Binding energy calculations

We utilized official Python bindings of FoldX (pyfoldx) to calculate peptide-receptor binding free energies. Using the wild-type complex structure as a template, we first optimize the structure using FoldX’s repair function for energy minimization. We then calculate the binding free energy of wild-type peptide (ΔG_wild-type) using the getInterfaceEnergy function. For each mutant, the following steps were executed: (i) mutation site identification through sequence alignment; (ii) stepwise introduction of amino acid substitutions; (iii) local energy optimization following each mutation; (iv) global relaxation of the fully mutated complex. The binding free energy of each mutant (ΔG_mutant) was then computed with getInterfaceEnergy, and the binding energy difference (ΔΔG = ΔG_mutant- ΔG_wild-type) was determined.
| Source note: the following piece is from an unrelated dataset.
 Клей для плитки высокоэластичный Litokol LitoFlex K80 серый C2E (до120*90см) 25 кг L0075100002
Here, ∆G_mutant refers to the binding energy of the mutant complex itself, while ∆G_wild-type refers to that of the wild-type complex. During dataset expansion, we established robust classification criteria based on prior studies. Following Wu et al.⁴⁰ definition, in which ΔΔG = ± 1 kcal mol⁻¹ indicates comparable binding affinity, we adopted a more stringent threshold (ΔΔG ≤ 0.5 kcal mol⁻¹) to identify favorable mutations. These were labeled as high-potency mutants (positive samples) in our training dataset. For low-potency mutants (negative samples), we applied a conservative cutoff (ΔG_mutant > 0 kcal mol⁻¹) to reduce the likelihood of false negatives and enhance dataset reliability.
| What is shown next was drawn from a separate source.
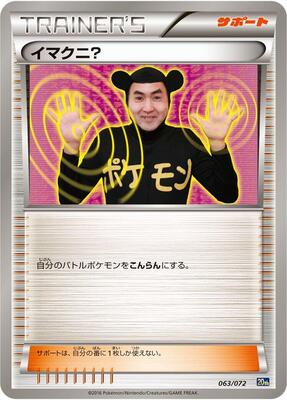 Imakuni? card from BREAK Starter Pack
Molecular dynamics simulations of mutants CP_α7_1 and CP_α7_6 with hα7 nAChR

The initial complex structures of the CP_α7_1 and CP_α7_6 mutants bound to the hα7 nAChR were predicted using AlphaFold3. Based on this structure, the C-terminal amidation modifications of the mutants were performed using PyMOL. MD simulations were performed with the AMBER 22 software package using the ff19SB force field⁵¹. Each complex was solvated in a truncated octahedral periodic box. The system was initially heated from 50 to 300 K over 100 ps in the NVT ensemble, with the solute restrained by a harmonic force of 5 kcal mol⁻¹ Å⁻². Subsequently, the simulation transitioned to the NPT ensemble, during which the harmonic restraints were gradually reduced from 5 to 0 kcal mol⁻¹ Å⁻² over another 100 ps. For the production phase, a 50 ns MD simulation was carried out with the temperature and pressure maintained at 300 K and 1 bar, respectively. After the MD simulation, the MD trajectories were analyzed using VMD (http://www.ks.uiuc.edu/), and root mean square deviation (RMSD) values were calculated to assess structural stability.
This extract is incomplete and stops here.